Hello,
After going through the newest chapters in MIA (very helpful btw), I have a few
questions that I think I know the answer to, but just wanted to get some
reinforcement.
Let's say that I have a list of documents and my own pipeline for feature
extraction. So, for each document I have a list of key words (and multi-key
word phrases) and corresponding weights. So each document is now just a list
of keyword phrases and weights i.e.
doc1:
phrase1 wt1
phrase2 wt2
phrase3 wt3
...
I would like to use Mahout to train document classifiers using the phrases and
weights in these files.
Looking at the TrainNewsGroups code in o.a.m.classifier.sgd, It looks like I
can just use the encoder class for these phrases and weights.

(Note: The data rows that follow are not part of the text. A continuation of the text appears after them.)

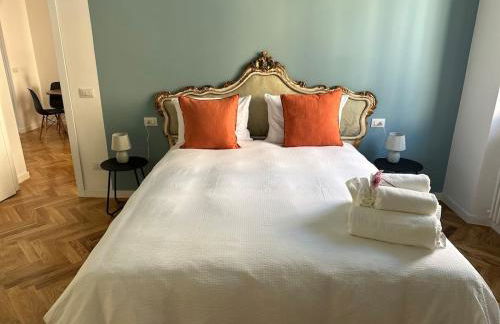 Bright House appartamento Roma - Foto 22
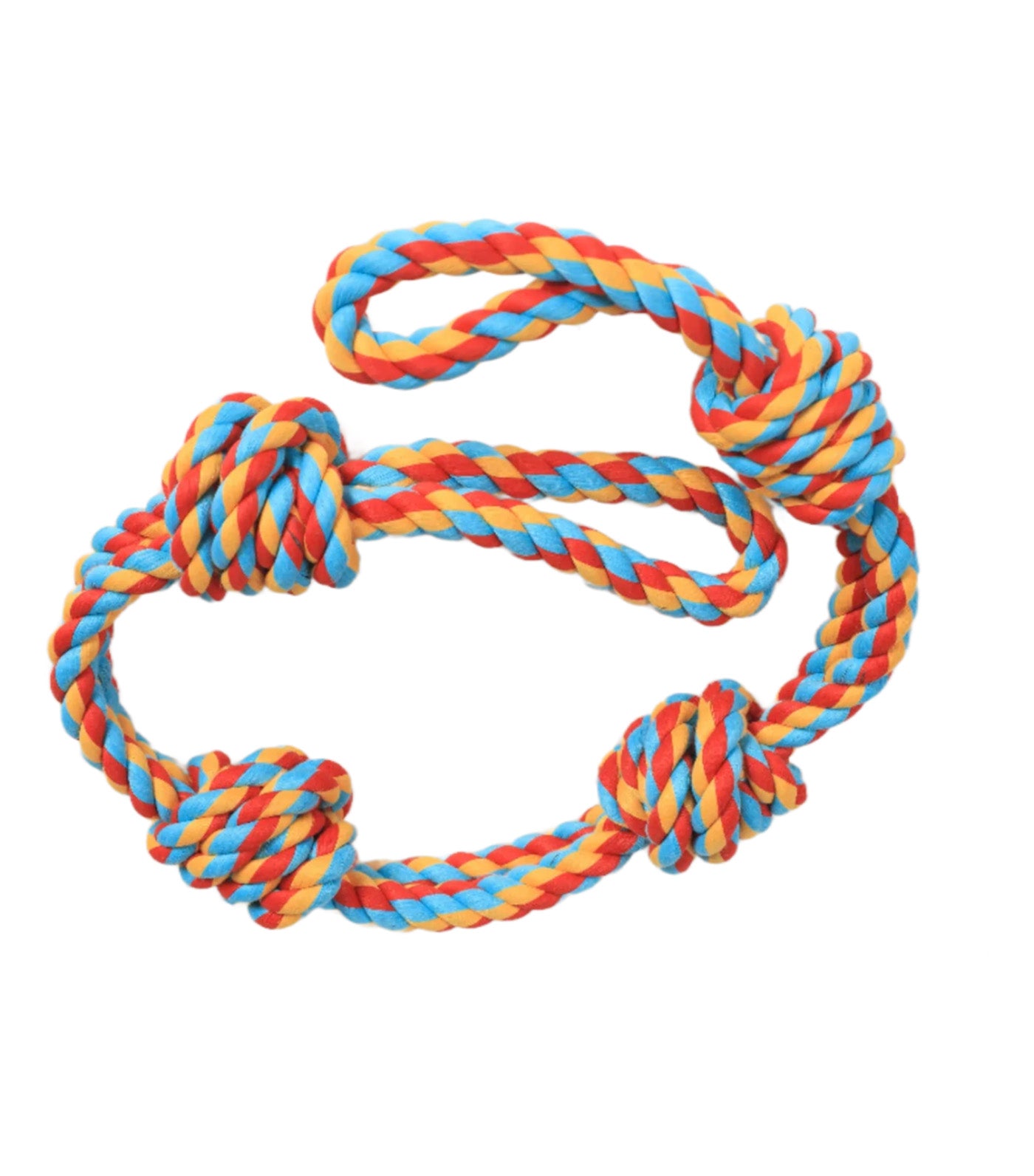 Signature Rope Toys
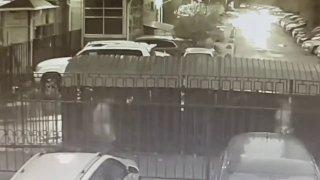 Полицейские задержали подозреваемого в нападении на 15-летнюю девочку в Новосибирске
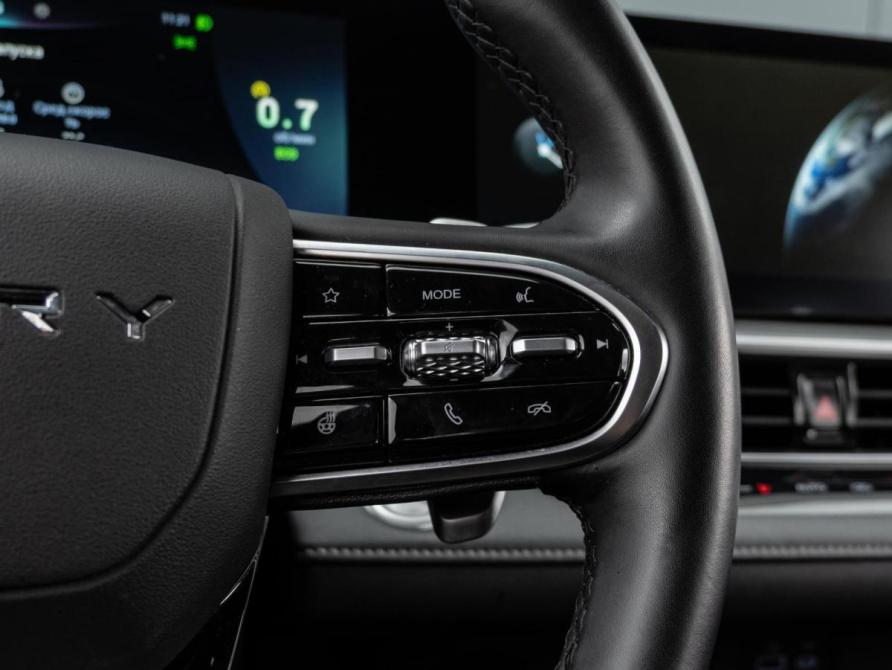 Chery Arrizo 8 Краснодар  - изображение 17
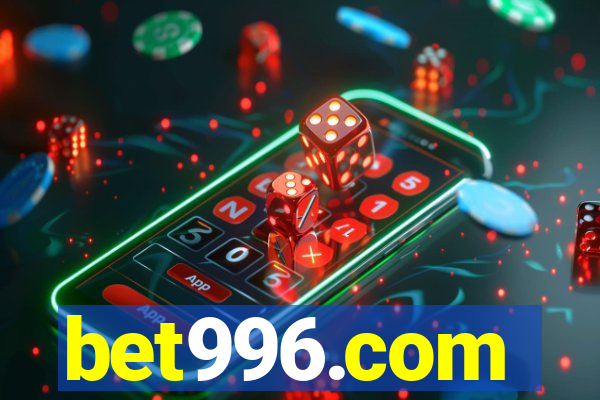 bet996.com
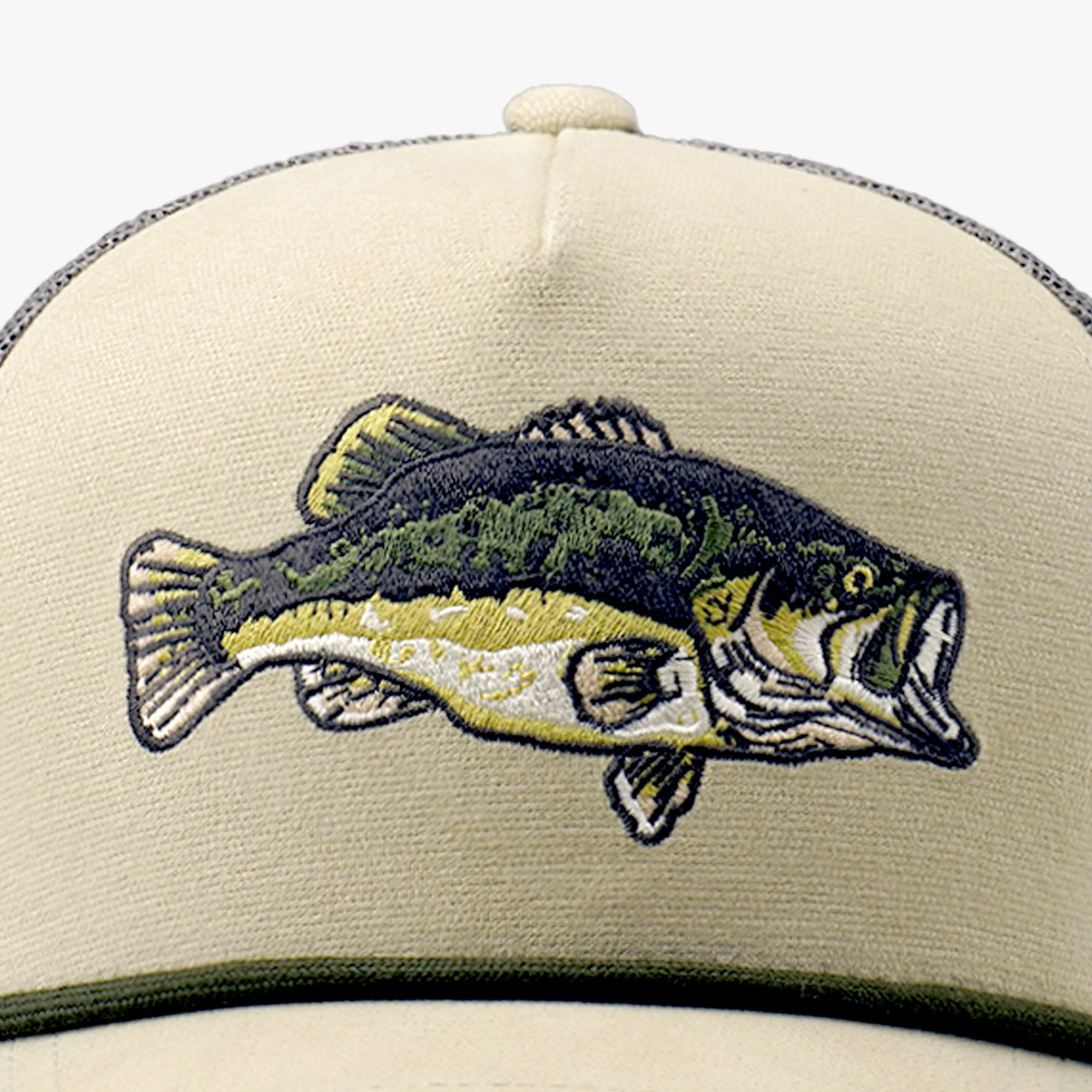 Freshwater Bundle - Hat Options - Image 12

Something like
this:
RecordValueEncoder encoder =
new StaticWordValueEncoder("variable-name");
for (DataRecord ex: trainingData) {
Vector v = new RandomAccessSparseVector(10000);
String word = ex.get("variable-name");
encoder.addToVector(word, v);
}
Does this make sense?
I would like to compare the results of an SGD and Naive Bayes classification
using this data. However, I am unclear of the vector formation process in
Naive Bayes. I have prepared some input for the Bayes classifier using
prepare20newsgroups "macro" - I was able to get my data into a similar format
as the 20 news groups dataset. I guess my main question is can I use Naive
Bayes if I already have the features (phrases above) and weights that I want
to use for training?